Super league, dreadful comms

Updated: Jan 6, 2023



One of my most disappointing moments as an Arsenal fan was the Champions League final in 2006. One nil up with just 10 men, our talismanic striker Thierry Henry was one-on-one with the Barcelona keeper and hit the ball right at him. They then scored two goals (one of which was offside but not flagged) and the heavens opened to literally rain on our parade.

As a football fan you recognise disappointment goes hand in hand with success, so by implication the idea of an European Super League which Arsenal (along with the other founders) cannot be relegated from simply goes against the grain. You can argue all day and all night about the rights and wrongs of this proposal (as many are) but I’d like to focus on how badly the announcement was handled.

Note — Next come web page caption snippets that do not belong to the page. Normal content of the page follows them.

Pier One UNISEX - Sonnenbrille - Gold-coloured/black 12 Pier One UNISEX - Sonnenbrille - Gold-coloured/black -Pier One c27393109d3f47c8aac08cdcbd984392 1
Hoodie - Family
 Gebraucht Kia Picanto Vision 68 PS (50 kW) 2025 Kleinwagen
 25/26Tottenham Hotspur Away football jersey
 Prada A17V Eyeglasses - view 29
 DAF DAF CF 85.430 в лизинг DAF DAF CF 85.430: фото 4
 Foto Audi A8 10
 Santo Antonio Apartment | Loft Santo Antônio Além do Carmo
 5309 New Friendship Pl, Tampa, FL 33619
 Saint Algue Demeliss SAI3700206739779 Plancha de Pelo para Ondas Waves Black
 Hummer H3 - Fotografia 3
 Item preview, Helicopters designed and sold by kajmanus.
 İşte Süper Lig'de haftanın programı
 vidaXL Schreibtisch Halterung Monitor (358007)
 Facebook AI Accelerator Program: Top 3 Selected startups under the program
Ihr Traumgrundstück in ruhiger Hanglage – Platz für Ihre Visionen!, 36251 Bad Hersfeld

Here are three key ways that ESL got its communications wrong:

1. It just leaked out on a Sunday. I know they had a statement but they didn’t really make the most of it, giving the impression of a shambles. If I’d been advising I’d have given an exclusive to one media outlet, offering an interview with a spokesperson delivering the key messages of justification, followed up by an aggressive briefing programme in the morning of the announcement. This neatly brings me to…;

2. No spokesperson. This made the ESL look like a bunch of faceless tycoons ruining the fans’ game. Eventually Florentino Perez, president of Real Madrid and chair of the ESL, gave an interview to a Spanish newspaper. This was after everyone - from Gary Lineker to a Burnley fan struggling to be heard through her mask – had slated the plans. The ESL needed a good spokesperson (ideally an ex-footballer) in each key territory – UK, Spain and Italy – to spread their messages on the day it was announced;

3. It’s being funded by a US investment bank. Or as someone on Twitter put it “from the folks who brought you the financial crash”. Massive own goal!

When you have every politician – including Boris Johnson who probably wonders why the ball isn’t oval – 80% of fans, the sporting bodies, the vast majority of former and current footballers and managers, Uncle John Cobley and all, against you, the assumption is the ESL will fail.

However nobody thought Arsenal could beat Liverpool 2:0 at Anfield to win the league in 1989.